_What is required_
All the data below goes into the copy word for word, but the pictures don't.

:::

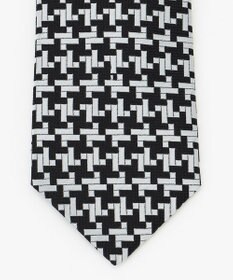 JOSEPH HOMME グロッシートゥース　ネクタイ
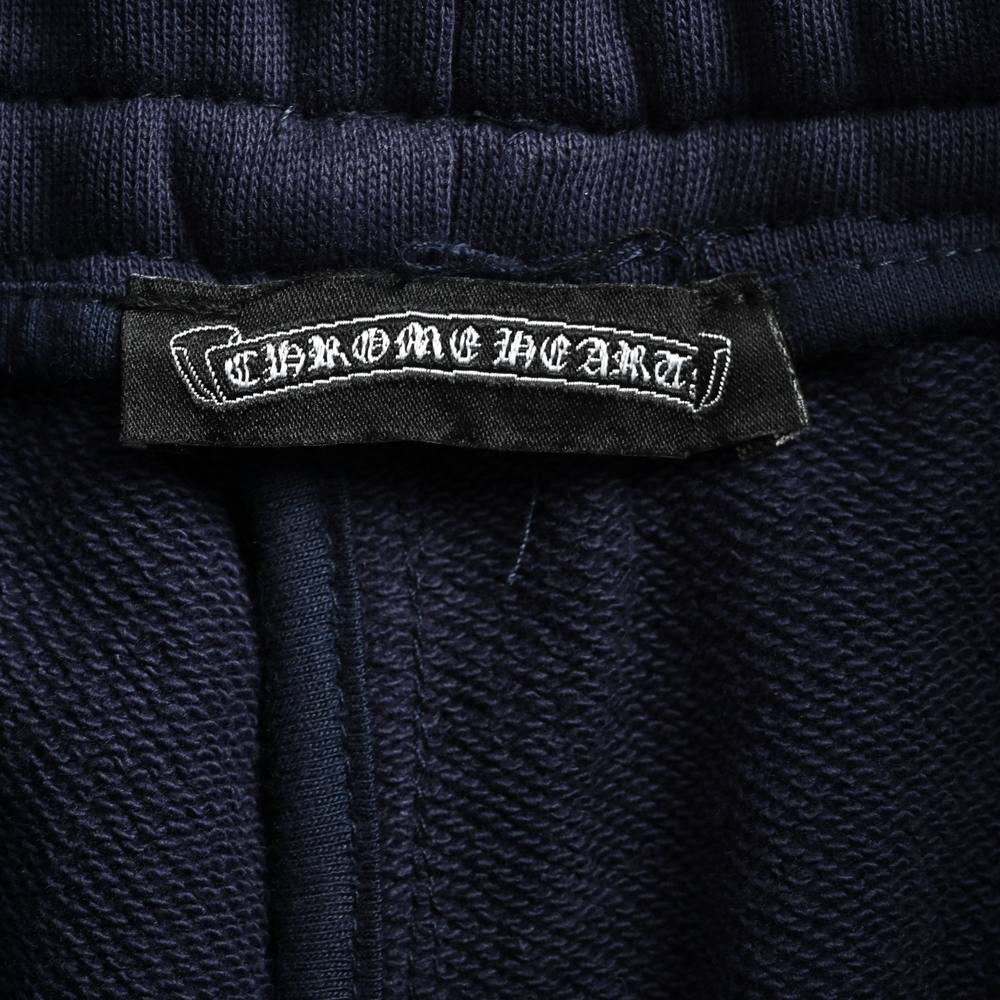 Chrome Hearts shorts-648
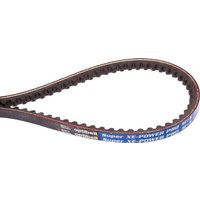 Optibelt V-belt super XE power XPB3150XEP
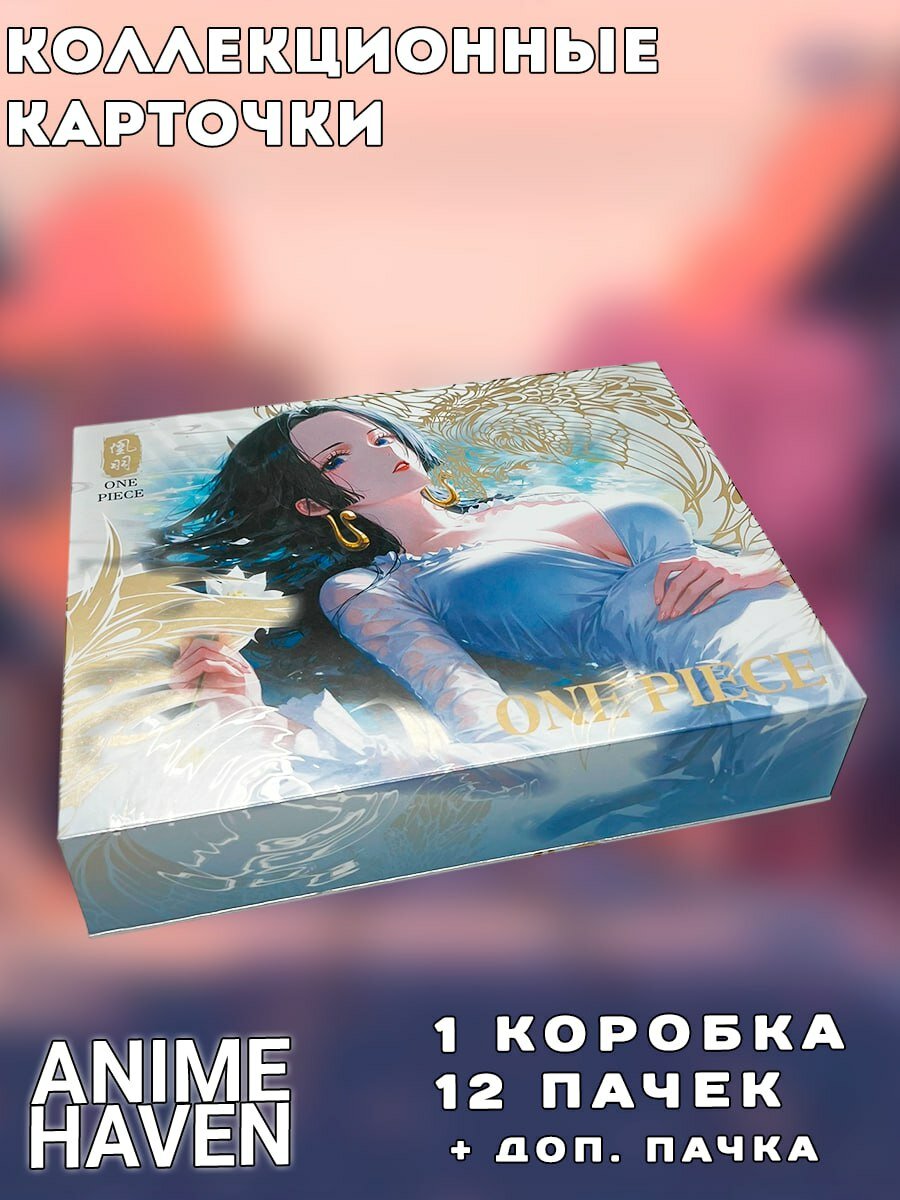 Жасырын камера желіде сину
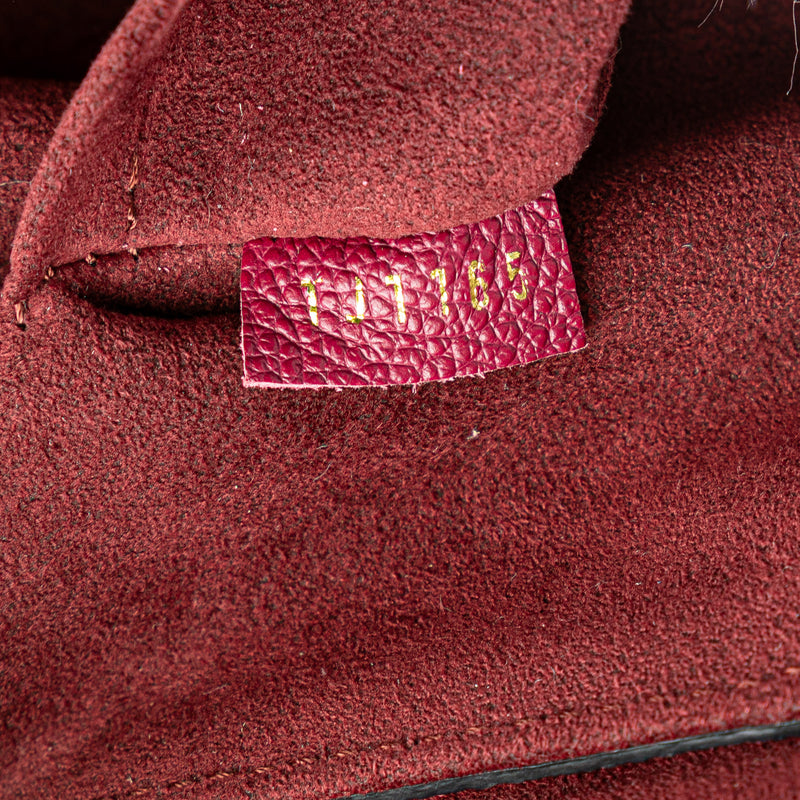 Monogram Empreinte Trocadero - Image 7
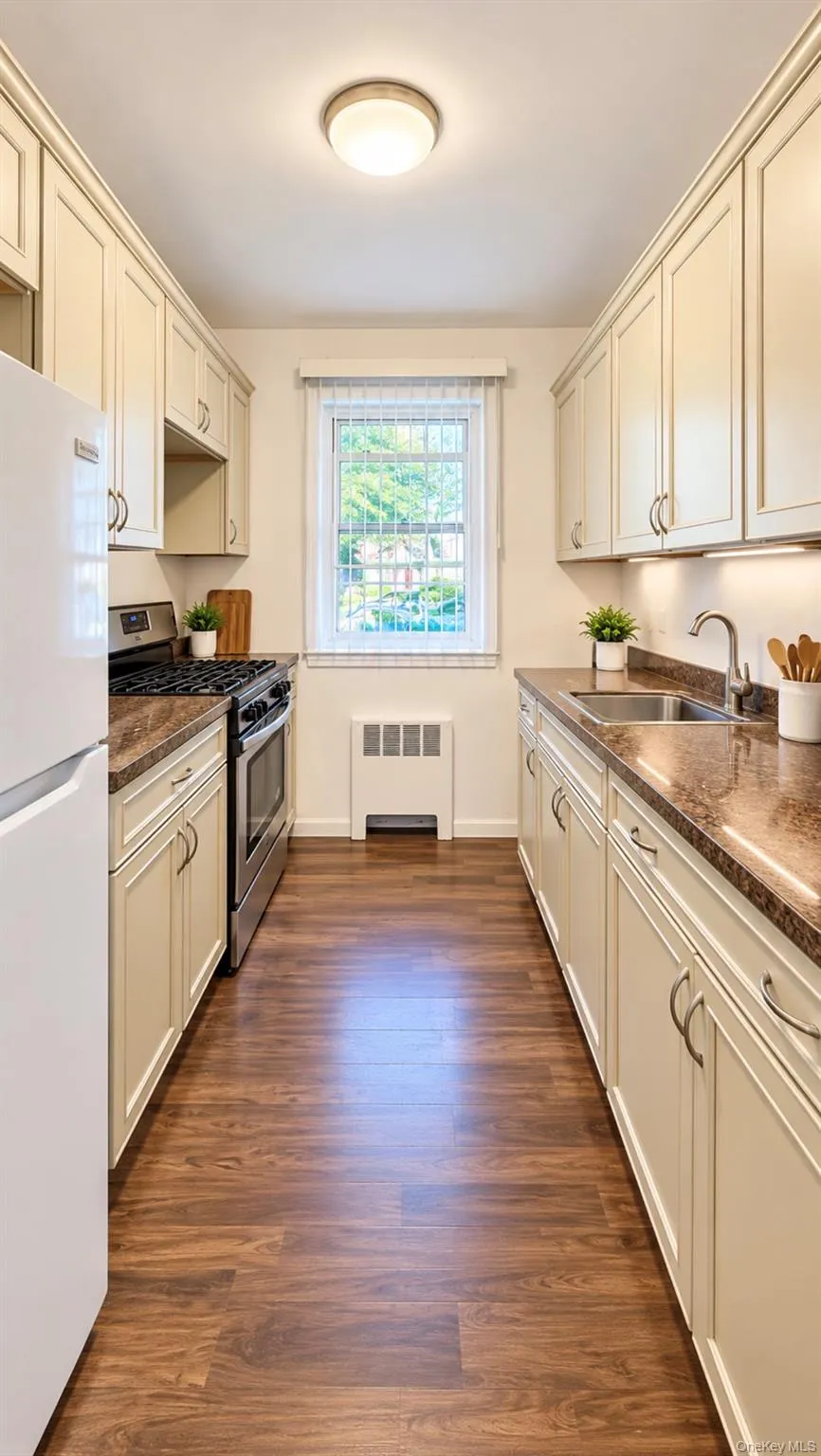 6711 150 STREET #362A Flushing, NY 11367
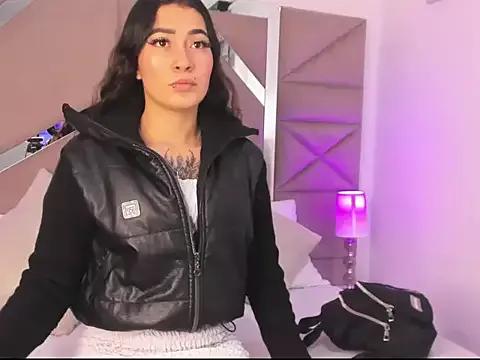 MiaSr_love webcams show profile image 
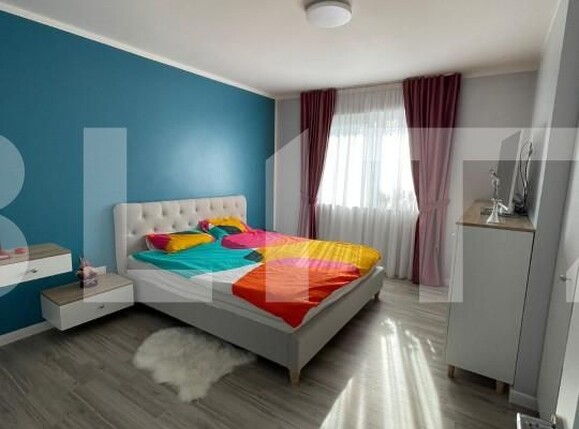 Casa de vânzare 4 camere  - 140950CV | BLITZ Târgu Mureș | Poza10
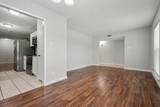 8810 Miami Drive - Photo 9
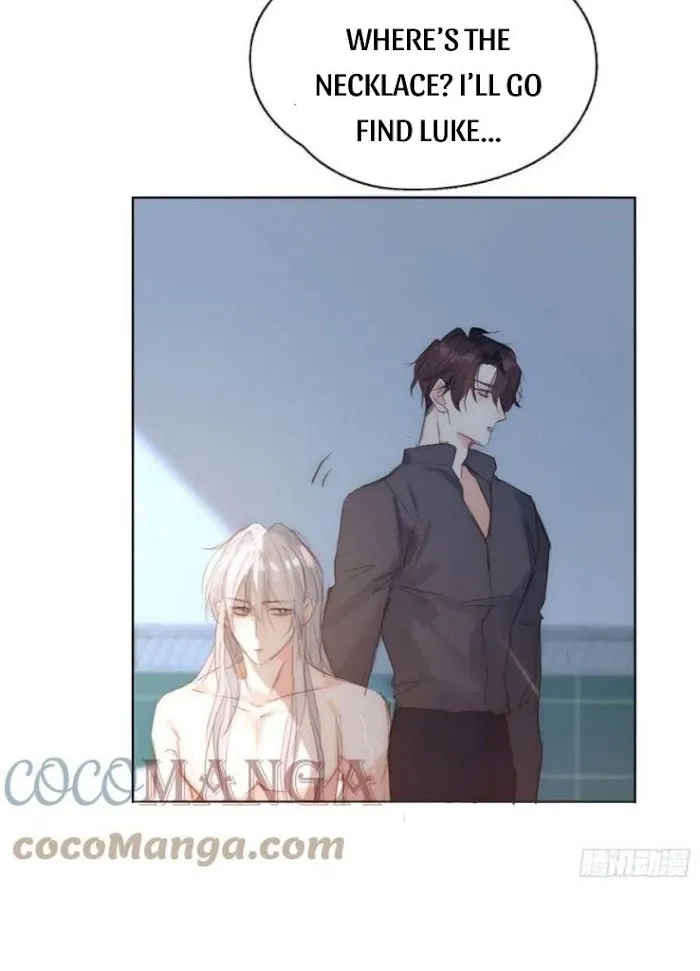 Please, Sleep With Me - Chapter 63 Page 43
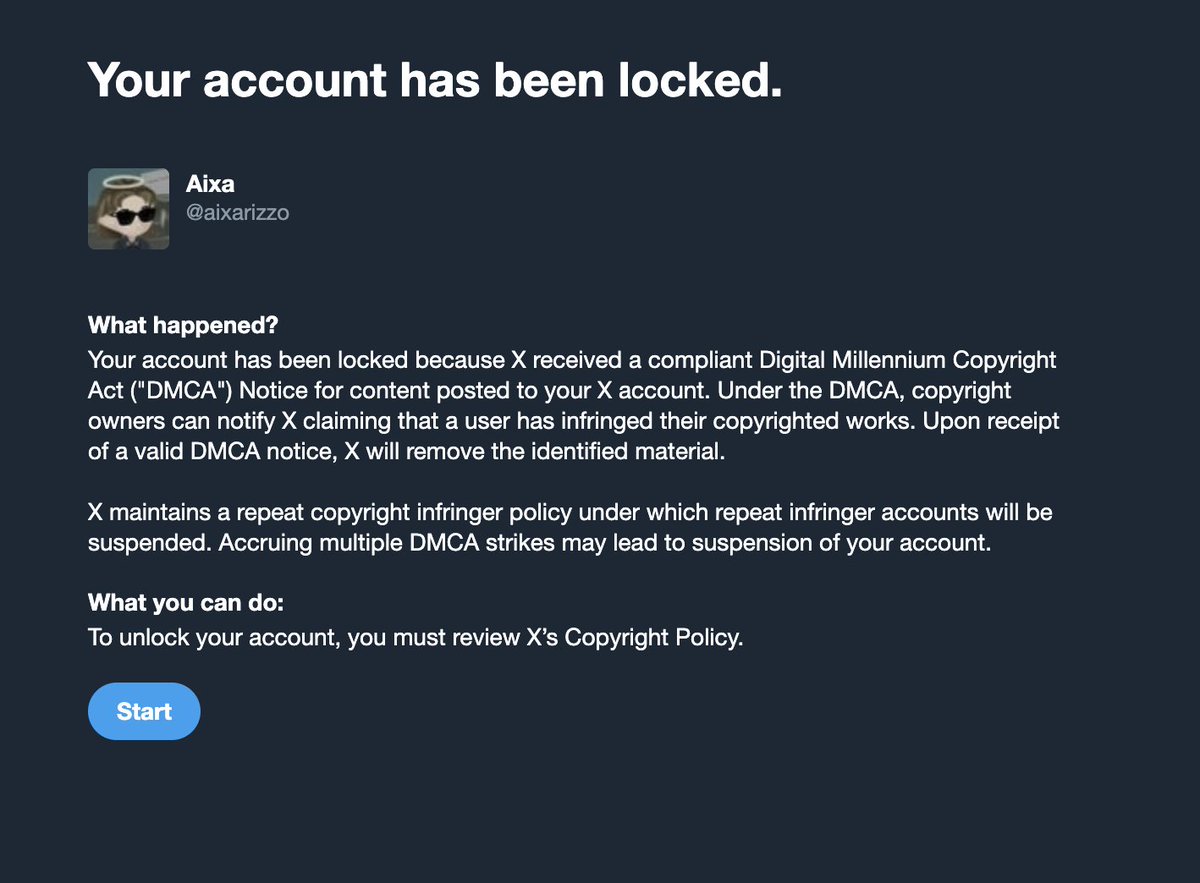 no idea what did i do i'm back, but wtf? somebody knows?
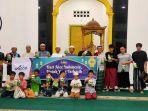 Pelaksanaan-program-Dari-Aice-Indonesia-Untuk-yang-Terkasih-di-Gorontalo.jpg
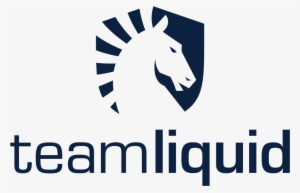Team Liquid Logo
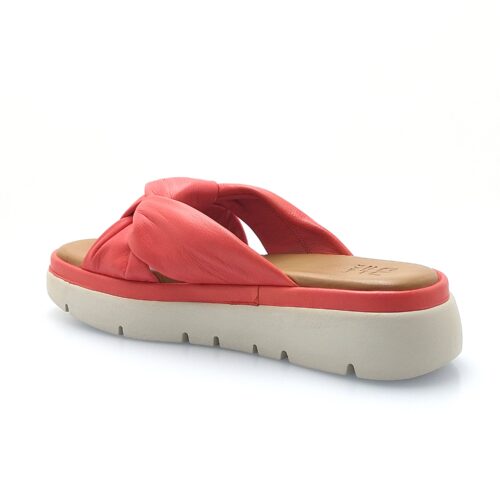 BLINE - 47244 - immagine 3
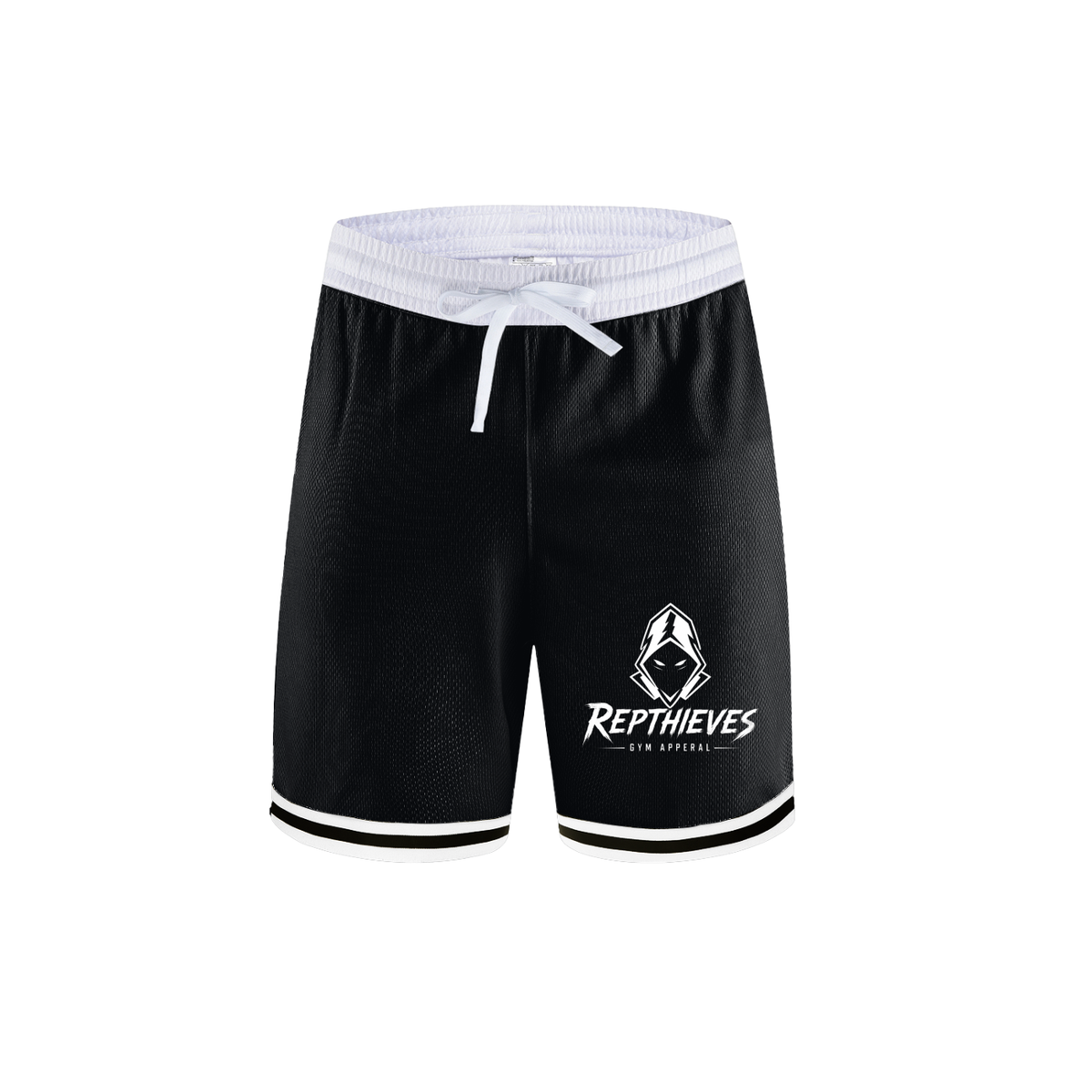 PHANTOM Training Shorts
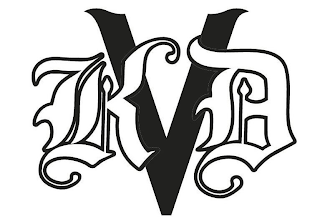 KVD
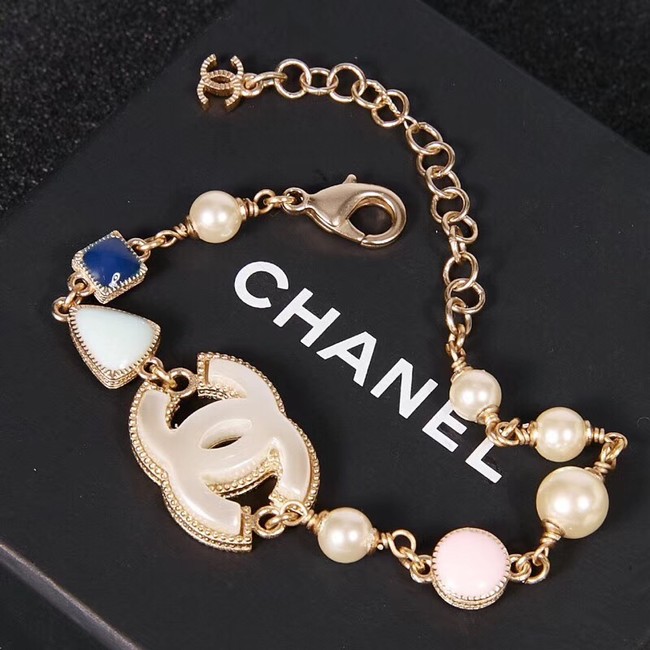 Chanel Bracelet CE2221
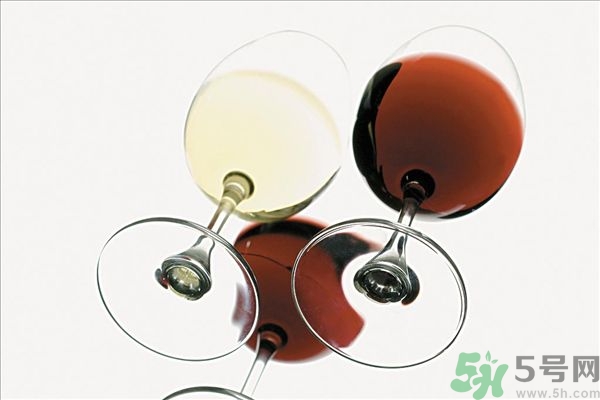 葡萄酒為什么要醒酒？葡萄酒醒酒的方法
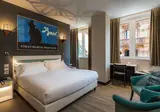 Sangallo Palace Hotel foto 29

:::

_Your response_
 JOSEPH HOMME グロッシートゥース　ネクタイ
 Chrome Hearts shorts-648
 Optibelt V-belt super XE power XPB3150XEP
 Жасырын камера желіде сину
 Monogram Empreinte Trocadero - Image 7
 6711 150 STREET #362A Flushing, NY 11367
 MiaSr_love webcams show profile image 
 Casa de vânzare 4 camere  - 140950CV | BLITZ Târgu Mureș | Poza10
 8810 Miami Drive - Photo 9
 Please, Sleep With Me - Chapter 63 Page 43
 no idea what did i do i'm back, but wtf? somebody knows?
 Pelaksanaan-program-Dari-Aice-Indonesia-Untuk-yang-Terkasih-di-Gorontalo.jpg
Team Liquid Logo
 BLINE - 47244 - immagine 3
 PHANTOM Training Shorts
 KVD
 Chanel Bracelet CE2221
 葡萄酒為什么要醒酒？葡萄酒醒酒的方法
 Sangallo Palace Hotel foto 29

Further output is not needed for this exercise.